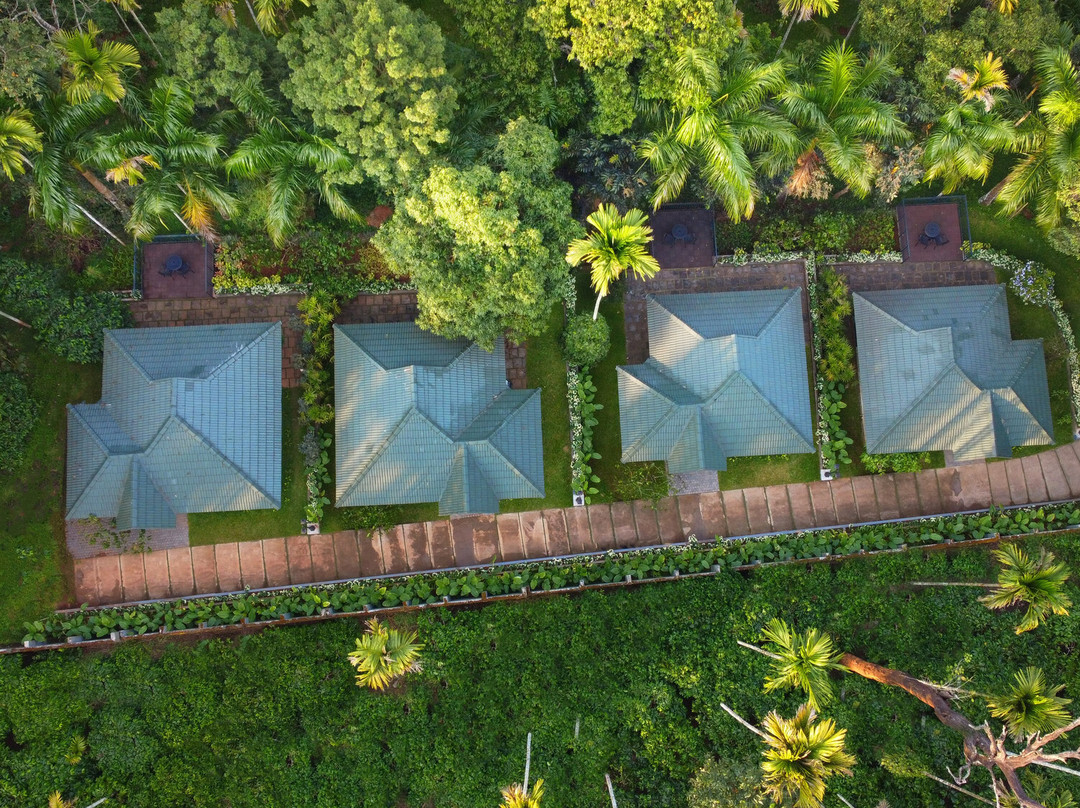 The Woods Resorts Wayanad主图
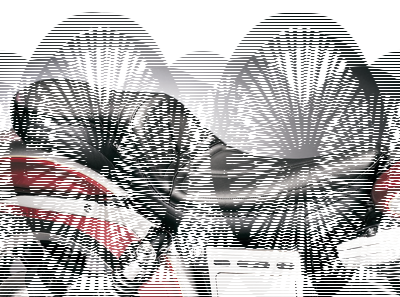 LePera Maverick seat FXDWG04-05 (DE)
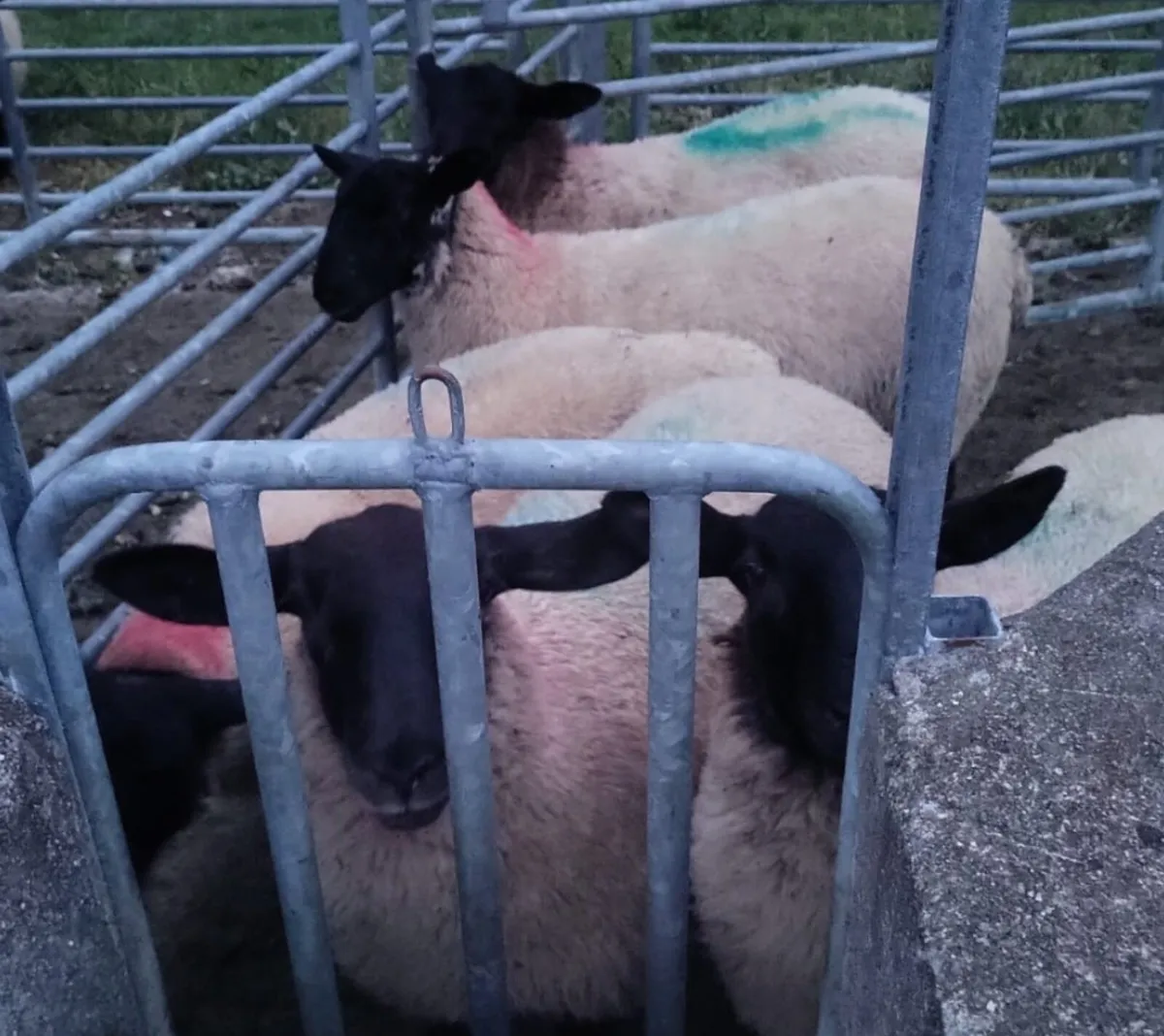 Ewe lambs Suffolk X Mules - Image 4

§ Exercise details: Your answer must be an exact copy of the data above, minus its pictures.

§ Result for this task:
 The Woods Resorts Wayanad主图
 LePera Maverick seat FXDWG04-05 (DE)
 Ewe lambs Suffolk X Mules - Image 4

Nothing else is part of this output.